Earlier, a bipartisan group of American legislators introduced a bill to sanction the Tatmadaw for violating human rights, authorize humanitarian funding, and promote democracy in Myanmar.

The proposed legislation authorizes targeted sanctions against those who helped stage the February 1 coup and who, in the months since, have repressed human rights.

The bill also creates a legal framework to support the pro-democracy movement in Myanmar, including the authorization to prohibit the import of precious gems from the country to the US and the creation of a new position at the Department of State to coordinate US and international efforts on Myanmar.

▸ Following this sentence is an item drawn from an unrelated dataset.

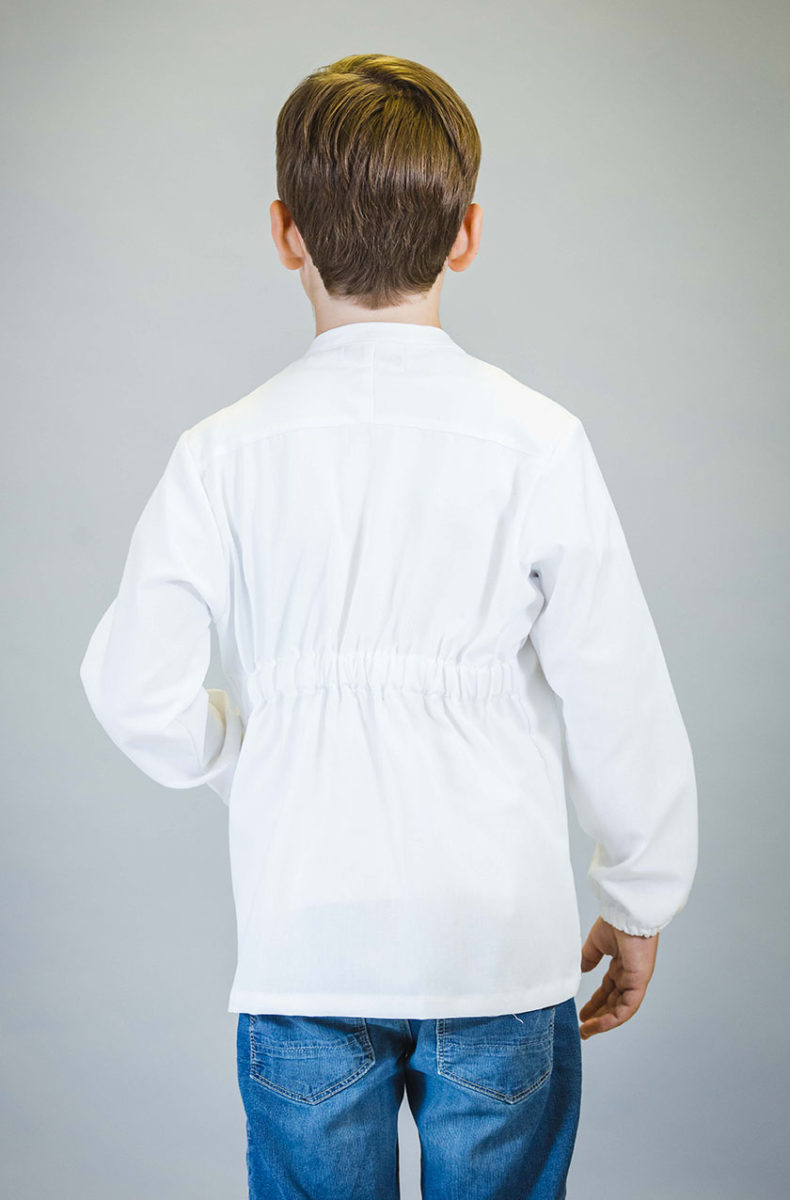 Sign Schürze 'Scuola Elementare' Für Kinder - Weiß, Größe 8 Jahre/128 Cm, Mit Reißverschluss & Taschen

The bill also authorizes support for civil society and humanitarian efforts in Myanmar, Bangladesh, Thailand, “and the surrounding region” where a “severe humanitarian crisis” is developing as the Tatmadaw displaces hundreds of thousands of Burmese from their homes.

Jay Church, ICC’s advocacy manager for Southeast Asia, said the organization “is encouraged by the international condemnation of the Tatmadaw’s assault on democracy and human rights.”

He said the Tatmadaw’s history of violence against vulnerable minority communities is “despicable and had only intensified since they took complete control of the government in February.”

“It is incumbent upon the international community to push back against the Tatmadaw, support freedom in Myanmar, and ensure that a twisted and evil regime is not allowed to take over Myanmar,” said Church.